French bonds and stocks took a beating on markets earlier this week as Prime Minister Francois Bayrou surprised everyone on Monday by announcing the confidence vote over his plans for sweeping budget cuts.
Bayrou will focus the vote on the need to put the country’s finances back on track as he tries to get approval for his budget plans.
Lombard himself talked earlier this week of a potential risk of needing the International Monetary Fund to step in if France did not put its finances in order.
However, Lombard adopted a more reassuring tone on Thursday.
French Economy Remains Stable
“I don’t believe in a financial crisis,” he told a gathering of France’s MEDEF business lobby group. “The country is rich, the country is growing, the country is managed, it is under control, and France’s businesses are doing their job,” he said.
“We have no difficulty financing our economy,” he added, adding that the public deficit would be cut to 5.4% of gross domestic product by the end of the year, as planned.
Opposition parties have said they will bring down the minority government in the September 8 confidence vote.
Business leaders told the same conference on Wednesday that the political crisis carried heavy risks for the economy.

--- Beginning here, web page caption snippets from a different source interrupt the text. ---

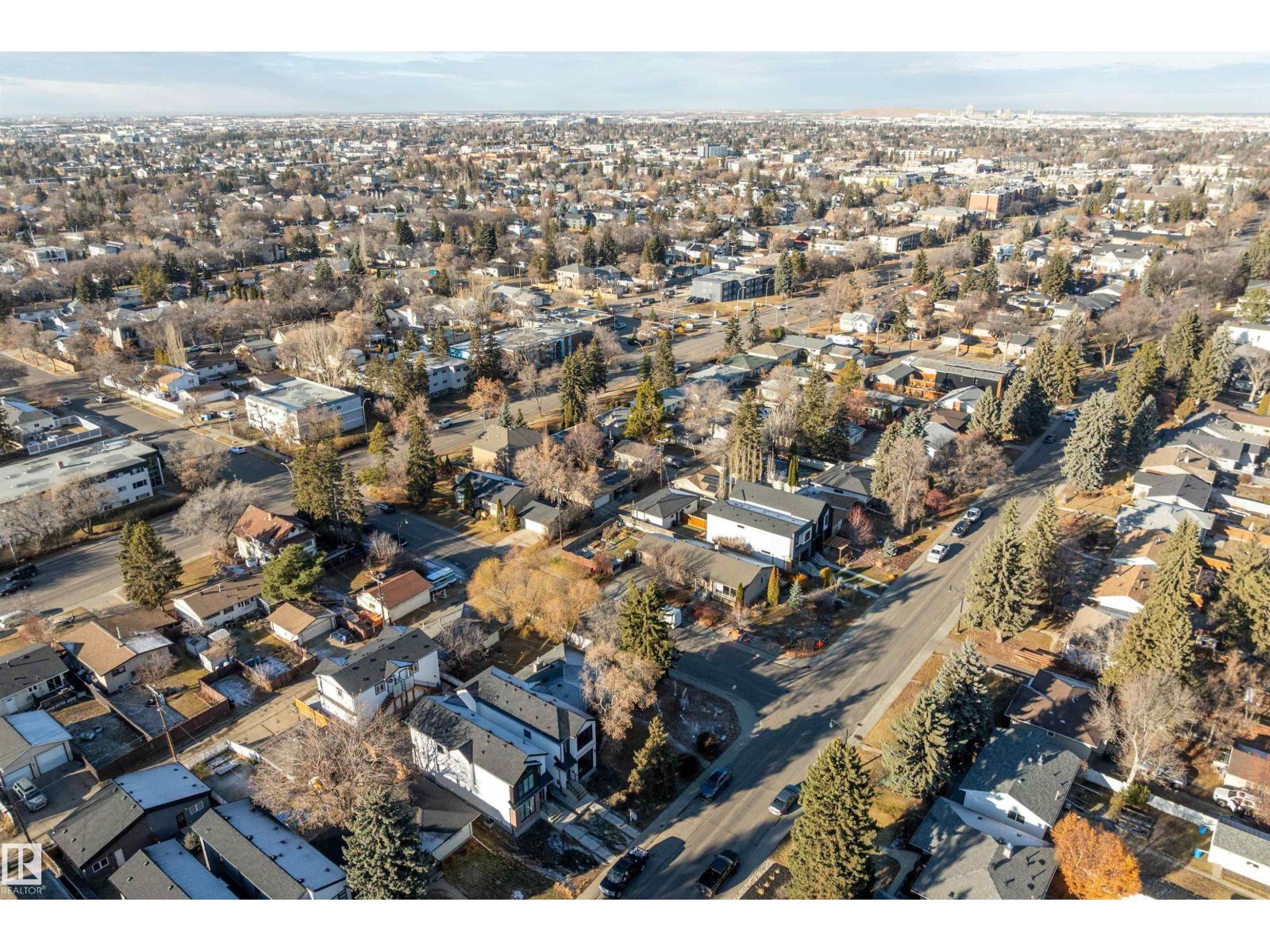 9540 148 ST NW, Edmonton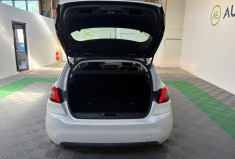 Peugeot 308 ALLURE 1.2 REPROGRAMMATION STAGE ETHANOL 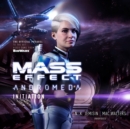 Mass Effect(TM) Andromeda: Initiation - eAudiobook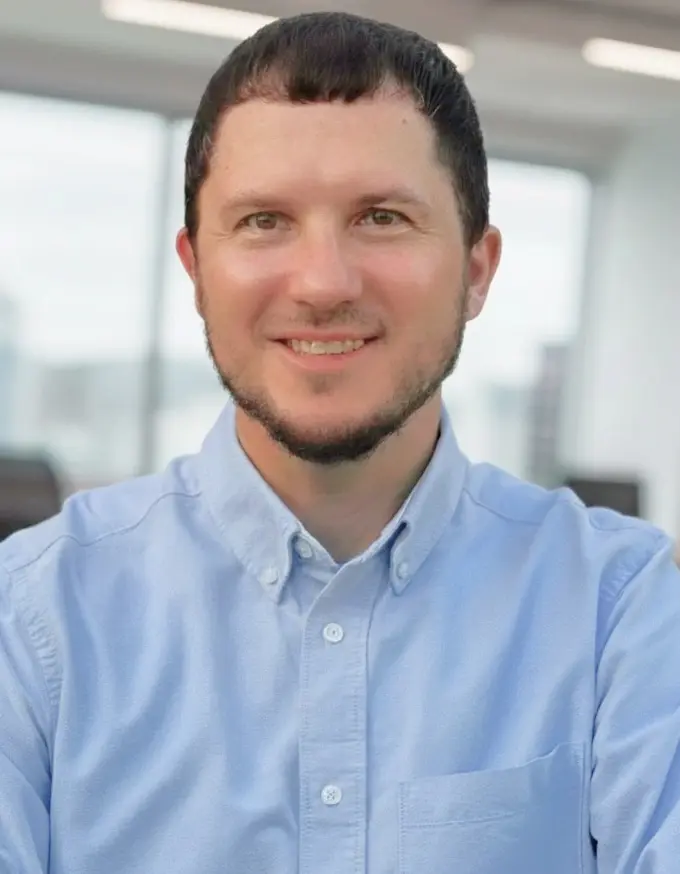 Denis Girenko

Opinion polls conducted after Bayrou’s announcement show most French people now want new parliamentary and presidential elections, pointing to deepening dissatisfaction with politics and a risk of lasting uncertainty.
According to the opinion polls released on Wednesday, two-thirds of people surveyed in two of the three polls also wanted President Emmanuel Macron to resign, and the far-right National Rally (RN) got the most backing to lead the next government in one poll, although not a majority.
The polling points to a deepening of the uncertainty and dissatisfaction with politics in a country that has had only minority cabinets and fragmented parliaments since Macron’s re-election in 2022.